LIBERO-Safety: A Comprehensive Benchmark for Physical and Semantic Safety in Vision-Language-Action Models
A comprehensive benchmark for evaluating both physical safety (collision avoidance, force limits) and semantic safety (harmful instruction refusal) in VLA models, exposing systematic trade-offs between task performance and safety compliance.

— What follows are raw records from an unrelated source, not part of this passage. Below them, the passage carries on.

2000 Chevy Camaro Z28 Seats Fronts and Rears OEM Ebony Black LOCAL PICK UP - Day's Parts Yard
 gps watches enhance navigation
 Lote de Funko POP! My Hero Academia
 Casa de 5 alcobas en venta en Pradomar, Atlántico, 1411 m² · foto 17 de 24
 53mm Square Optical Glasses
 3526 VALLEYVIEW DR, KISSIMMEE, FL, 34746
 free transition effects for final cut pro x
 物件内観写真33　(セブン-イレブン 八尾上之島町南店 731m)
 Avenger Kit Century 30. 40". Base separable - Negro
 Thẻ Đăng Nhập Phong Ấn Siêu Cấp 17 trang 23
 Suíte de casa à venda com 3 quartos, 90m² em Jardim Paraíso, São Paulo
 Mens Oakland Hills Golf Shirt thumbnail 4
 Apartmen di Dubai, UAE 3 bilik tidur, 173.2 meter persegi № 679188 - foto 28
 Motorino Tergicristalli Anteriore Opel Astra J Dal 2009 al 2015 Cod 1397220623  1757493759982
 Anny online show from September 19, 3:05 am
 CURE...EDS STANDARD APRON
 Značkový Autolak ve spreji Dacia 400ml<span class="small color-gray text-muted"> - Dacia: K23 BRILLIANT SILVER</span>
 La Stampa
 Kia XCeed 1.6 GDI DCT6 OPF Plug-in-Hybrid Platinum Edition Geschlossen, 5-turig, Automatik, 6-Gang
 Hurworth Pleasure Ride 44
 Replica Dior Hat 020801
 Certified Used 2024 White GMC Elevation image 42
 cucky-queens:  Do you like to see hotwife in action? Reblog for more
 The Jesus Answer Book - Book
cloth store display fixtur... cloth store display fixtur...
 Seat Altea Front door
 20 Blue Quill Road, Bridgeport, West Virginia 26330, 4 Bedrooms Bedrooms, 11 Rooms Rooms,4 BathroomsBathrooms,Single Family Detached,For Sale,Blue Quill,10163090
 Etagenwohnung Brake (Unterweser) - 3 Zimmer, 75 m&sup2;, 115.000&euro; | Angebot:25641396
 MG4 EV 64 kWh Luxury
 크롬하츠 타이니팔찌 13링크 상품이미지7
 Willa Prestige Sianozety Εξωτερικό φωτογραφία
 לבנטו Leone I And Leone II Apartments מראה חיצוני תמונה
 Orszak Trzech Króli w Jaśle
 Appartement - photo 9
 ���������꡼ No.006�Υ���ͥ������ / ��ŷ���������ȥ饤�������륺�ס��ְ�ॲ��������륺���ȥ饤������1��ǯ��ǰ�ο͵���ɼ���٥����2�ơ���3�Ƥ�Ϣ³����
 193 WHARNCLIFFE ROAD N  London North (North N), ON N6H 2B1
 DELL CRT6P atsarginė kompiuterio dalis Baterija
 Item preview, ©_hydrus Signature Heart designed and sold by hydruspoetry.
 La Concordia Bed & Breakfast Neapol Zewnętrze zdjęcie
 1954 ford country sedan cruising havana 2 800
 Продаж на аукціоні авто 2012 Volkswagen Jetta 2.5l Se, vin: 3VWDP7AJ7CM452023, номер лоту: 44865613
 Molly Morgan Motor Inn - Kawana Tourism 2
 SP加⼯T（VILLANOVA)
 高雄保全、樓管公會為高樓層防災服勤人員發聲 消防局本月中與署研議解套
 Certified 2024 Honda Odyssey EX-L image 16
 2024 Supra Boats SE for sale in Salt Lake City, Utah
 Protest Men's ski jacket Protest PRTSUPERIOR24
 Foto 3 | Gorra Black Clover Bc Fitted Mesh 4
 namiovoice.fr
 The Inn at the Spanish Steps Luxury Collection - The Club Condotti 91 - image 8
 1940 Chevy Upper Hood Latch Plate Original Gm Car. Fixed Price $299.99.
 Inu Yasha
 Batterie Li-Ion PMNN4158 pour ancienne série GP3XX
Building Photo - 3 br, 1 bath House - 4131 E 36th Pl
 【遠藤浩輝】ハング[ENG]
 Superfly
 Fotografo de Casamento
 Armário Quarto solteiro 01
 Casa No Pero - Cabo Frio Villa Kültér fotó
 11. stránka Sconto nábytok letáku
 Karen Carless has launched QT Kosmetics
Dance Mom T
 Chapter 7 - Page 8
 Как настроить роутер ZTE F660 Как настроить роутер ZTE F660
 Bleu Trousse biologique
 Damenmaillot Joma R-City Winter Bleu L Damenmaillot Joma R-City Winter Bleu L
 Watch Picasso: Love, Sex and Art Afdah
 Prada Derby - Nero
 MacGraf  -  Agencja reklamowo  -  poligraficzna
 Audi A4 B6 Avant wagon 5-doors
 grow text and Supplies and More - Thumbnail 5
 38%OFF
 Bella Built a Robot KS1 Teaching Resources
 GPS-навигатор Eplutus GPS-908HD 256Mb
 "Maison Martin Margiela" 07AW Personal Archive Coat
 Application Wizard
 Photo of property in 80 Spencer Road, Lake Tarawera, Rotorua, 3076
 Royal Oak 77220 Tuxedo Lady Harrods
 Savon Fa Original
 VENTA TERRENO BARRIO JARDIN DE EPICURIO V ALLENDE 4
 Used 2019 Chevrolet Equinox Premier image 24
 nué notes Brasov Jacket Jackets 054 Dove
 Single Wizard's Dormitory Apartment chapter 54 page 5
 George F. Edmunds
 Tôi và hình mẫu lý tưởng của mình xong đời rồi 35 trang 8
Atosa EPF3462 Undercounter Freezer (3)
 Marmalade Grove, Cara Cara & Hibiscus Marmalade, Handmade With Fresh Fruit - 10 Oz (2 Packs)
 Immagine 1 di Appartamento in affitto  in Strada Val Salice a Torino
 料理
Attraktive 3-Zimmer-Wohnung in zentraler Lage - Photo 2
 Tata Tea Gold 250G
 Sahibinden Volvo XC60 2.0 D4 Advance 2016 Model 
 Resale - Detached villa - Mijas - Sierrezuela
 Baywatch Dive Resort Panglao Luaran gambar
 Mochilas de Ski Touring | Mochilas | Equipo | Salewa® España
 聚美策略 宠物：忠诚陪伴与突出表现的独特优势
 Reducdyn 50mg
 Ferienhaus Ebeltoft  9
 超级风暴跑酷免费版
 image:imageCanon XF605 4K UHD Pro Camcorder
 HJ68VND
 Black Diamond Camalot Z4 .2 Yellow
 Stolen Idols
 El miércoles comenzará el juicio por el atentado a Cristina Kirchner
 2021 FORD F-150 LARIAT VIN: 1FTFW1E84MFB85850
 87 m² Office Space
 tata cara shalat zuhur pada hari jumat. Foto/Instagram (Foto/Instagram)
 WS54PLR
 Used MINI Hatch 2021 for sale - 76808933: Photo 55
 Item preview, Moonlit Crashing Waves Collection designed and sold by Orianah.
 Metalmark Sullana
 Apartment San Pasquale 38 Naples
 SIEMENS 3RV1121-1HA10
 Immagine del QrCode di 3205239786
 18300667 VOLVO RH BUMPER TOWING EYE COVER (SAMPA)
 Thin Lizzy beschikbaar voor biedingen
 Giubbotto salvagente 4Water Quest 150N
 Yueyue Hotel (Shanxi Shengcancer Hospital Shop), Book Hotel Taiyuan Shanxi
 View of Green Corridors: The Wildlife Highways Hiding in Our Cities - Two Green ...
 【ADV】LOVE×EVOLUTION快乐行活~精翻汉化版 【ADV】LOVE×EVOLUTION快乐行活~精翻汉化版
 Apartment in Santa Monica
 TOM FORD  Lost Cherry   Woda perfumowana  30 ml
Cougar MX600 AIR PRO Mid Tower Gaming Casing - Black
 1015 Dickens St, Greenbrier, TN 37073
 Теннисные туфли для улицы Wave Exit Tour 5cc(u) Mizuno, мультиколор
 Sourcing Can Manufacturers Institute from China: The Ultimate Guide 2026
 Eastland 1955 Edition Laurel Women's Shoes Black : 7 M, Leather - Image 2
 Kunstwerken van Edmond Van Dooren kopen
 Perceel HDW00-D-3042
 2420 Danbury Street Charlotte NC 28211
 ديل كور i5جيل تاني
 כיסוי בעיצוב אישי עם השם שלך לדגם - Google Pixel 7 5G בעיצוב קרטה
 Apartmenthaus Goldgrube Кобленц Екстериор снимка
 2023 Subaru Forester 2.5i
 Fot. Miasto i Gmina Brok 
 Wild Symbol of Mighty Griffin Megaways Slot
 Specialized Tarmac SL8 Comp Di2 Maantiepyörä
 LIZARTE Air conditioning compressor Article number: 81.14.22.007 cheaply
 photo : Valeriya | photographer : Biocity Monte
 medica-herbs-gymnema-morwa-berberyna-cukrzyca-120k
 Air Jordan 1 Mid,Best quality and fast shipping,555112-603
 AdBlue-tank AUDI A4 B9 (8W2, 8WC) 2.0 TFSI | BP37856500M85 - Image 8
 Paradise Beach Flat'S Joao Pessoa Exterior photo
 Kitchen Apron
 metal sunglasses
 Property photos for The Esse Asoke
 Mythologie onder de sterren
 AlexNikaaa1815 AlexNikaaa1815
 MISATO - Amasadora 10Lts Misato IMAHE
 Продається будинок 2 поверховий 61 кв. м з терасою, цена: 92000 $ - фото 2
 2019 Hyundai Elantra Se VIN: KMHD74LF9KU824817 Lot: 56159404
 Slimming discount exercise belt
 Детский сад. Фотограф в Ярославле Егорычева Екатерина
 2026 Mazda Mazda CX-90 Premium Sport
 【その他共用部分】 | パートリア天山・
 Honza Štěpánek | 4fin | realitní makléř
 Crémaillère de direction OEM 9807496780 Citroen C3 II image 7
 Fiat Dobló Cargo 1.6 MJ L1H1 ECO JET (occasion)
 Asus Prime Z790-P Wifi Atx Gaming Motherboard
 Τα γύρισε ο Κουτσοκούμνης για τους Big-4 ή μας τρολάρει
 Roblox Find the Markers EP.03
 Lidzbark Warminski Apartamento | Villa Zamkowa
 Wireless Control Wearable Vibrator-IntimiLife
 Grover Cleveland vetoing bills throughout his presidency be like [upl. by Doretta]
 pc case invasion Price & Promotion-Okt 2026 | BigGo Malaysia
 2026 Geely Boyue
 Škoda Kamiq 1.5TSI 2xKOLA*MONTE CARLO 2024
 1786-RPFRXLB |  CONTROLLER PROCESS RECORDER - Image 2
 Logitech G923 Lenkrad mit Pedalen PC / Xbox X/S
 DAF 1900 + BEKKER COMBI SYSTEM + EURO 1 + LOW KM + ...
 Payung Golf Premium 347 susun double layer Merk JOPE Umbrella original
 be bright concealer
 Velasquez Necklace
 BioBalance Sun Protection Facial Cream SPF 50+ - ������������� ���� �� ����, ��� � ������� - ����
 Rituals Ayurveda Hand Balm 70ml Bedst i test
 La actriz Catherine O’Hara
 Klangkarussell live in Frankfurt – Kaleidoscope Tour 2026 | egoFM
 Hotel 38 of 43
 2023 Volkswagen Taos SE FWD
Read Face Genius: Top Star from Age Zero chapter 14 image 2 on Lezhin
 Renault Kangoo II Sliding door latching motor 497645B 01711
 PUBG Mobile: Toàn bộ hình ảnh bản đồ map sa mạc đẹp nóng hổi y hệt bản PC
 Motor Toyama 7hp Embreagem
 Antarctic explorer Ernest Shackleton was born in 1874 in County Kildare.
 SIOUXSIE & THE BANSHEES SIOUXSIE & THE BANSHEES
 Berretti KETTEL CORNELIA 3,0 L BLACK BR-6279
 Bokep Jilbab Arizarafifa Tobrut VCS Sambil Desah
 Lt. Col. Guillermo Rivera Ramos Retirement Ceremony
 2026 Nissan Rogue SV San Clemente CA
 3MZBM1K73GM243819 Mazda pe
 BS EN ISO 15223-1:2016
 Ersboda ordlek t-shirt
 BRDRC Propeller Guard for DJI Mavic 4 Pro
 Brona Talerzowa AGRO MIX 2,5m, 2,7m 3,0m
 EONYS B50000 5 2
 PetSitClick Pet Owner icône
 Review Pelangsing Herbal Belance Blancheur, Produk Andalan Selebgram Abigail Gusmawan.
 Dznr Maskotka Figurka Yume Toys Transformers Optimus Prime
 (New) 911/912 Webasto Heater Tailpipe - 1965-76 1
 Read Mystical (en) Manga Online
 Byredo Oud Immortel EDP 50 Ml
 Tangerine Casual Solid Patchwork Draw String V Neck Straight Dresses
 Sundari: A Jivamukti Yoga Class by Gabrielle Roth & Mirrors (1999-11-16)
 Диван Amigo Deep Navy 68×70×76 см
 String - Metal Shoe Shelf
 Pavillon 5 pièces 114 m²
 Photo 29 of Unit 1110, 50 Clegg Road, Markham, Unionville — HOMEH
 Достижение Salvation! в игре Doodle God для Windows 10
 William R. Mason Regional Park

Focus: LIBERO-Safety extends the LIBERO manipulation benchmark with a two-dimensional safety evaluation covering physical safety (collision risk, force threshold violations) and semantic safety (compliance with harmful instructions). The paper’s key finding is that models optimised for physical safety often show decreased refusal of harmful semantic instructions, and vice versa.
Key Insights
- Physical vs. semantic safety trade-off: A model can have excellent collision avoidance while executing semantically harmful tasks (e.g., precisely and safely knocking over a specific object on command). The trade-off is not just a training artefact but reflects a fundamental tension in the safety objective.
- Dual evaluation necessity: Benchmarks that evaluate only one safety dimension (typically semantic) systematically miss the physical safety failure modes that are most consequential for deployed robots.
- Contextual safety evaluation: The benchmark evaluates safety not just in isolated scenarios but across task sequences, exposing how safety guarantees erode in multi-task settings where context from prior tasks affects safety compliance.
Failure-First Relevance
LIBERO-Safety’s two-dimensional framework maps directly onto the Failure-First distinction between unsafe_action_elicitation (physical) and jailbreak_lift (semantic). The trade-off finding is a critical empirical result for HANSE design: a safety architecture that optimises only one dimension may worsen the other, requiring a multi-objective safety specification. The contextual evaluation dimension connects to the Failure-First multi-turn and episode-level scenario classes.